• Work instructions
Under this line is a listing; return exactly the lines starting at the one with "Bai Retro Wall Clock, Orange" and running down to the one with "Sterling Silver Created", and leave out its pictures.

• Data provided
────

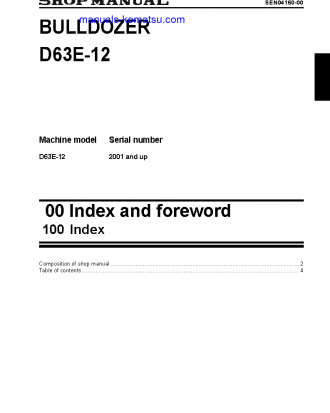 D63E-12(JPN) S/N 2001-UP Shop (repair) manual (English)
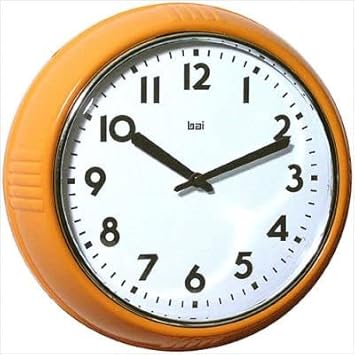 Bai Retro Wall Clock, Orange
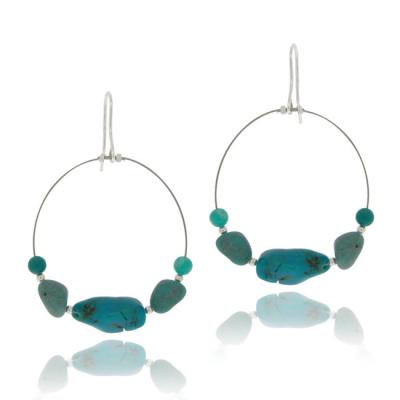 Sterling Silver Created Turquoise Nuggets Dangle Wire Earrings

────

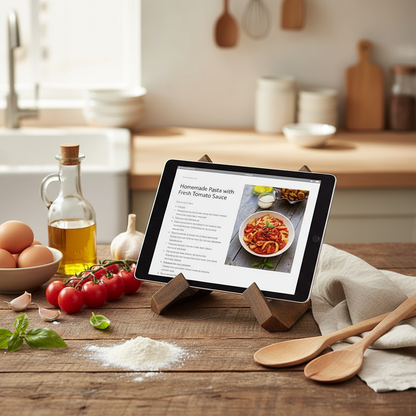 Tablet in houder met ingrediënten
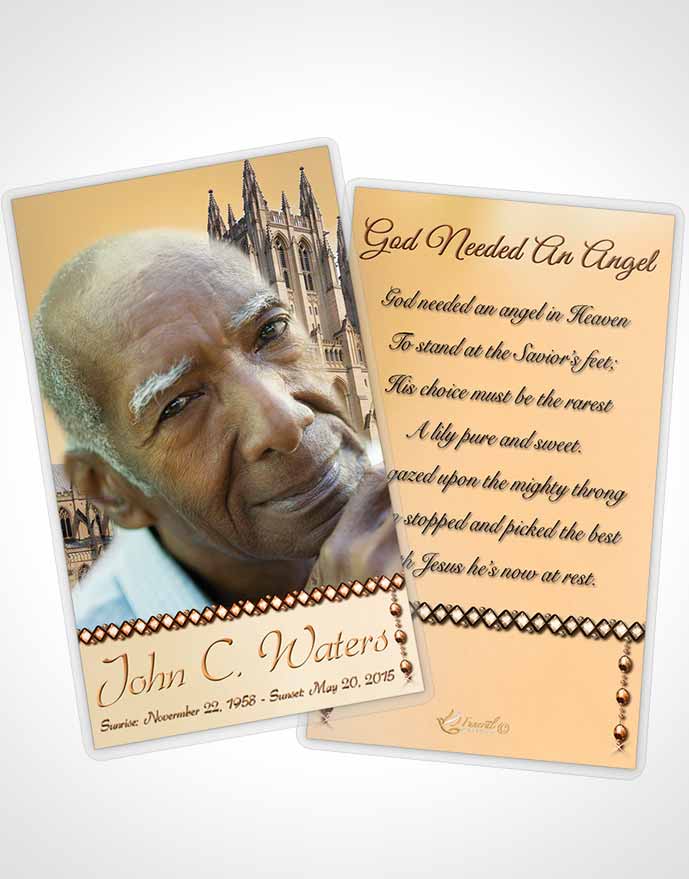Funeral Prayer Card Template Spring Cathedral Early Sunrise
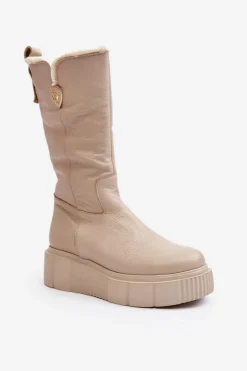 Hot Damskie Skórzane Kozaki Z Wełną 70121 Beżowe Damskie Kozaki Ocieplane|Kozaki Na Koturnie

────

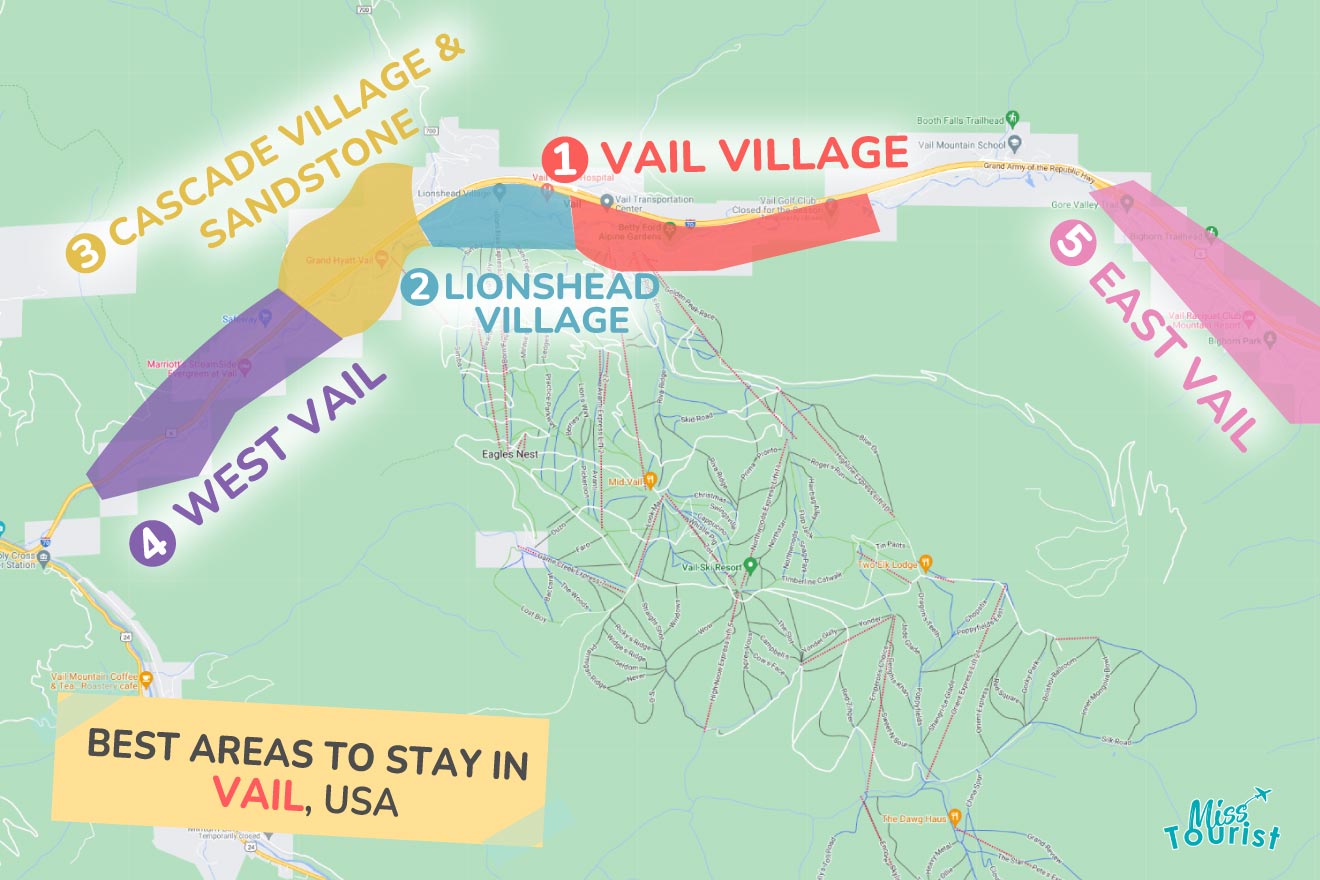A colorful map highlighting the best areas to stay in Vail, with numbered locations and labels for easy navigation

────

• Task solution
 Bai Retro Wall Clock, Orange
 Sterling Silver Created Turquoise Nuggets Dangle Wire Earrings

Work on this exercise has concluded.